(DATASET EXCERPT Opens)

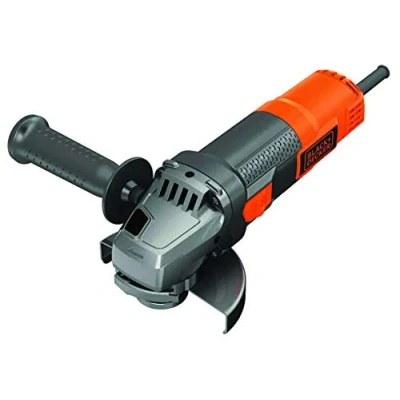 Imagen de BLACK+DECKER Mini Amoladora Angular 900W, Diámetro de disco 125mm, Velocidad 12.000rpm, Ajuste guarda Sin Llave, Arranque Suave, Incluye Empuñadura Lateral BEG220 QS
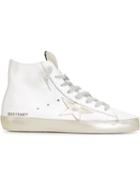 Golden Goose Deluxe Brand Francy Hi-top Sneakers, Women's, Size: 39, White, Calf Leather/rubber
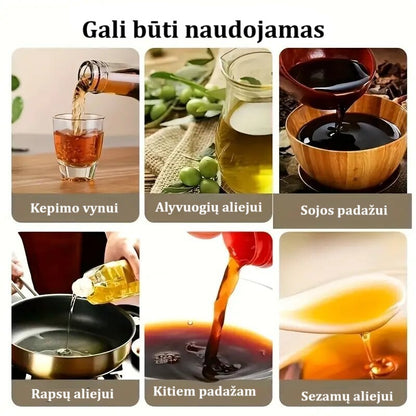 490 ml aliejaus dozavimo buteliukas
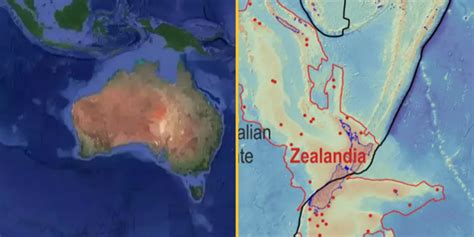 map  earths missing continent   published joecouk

(DATASET EXCERPT Closes)

## WHAT TO PRODUCE
The expected answer is the line with "Golden Goose Deluxe" followed by every remaining line of the listing, each restated exactly, with all pictures dropped.

## WRITTEN REPLY
 Golden Goose Deluxe Brand Francy Hi-top Sneakers, Women's, Size: 39, White, Calf Leather/rubber
 490 ml aliejaus dozavimo buteliukas
 map  earths missing continent   published joecouk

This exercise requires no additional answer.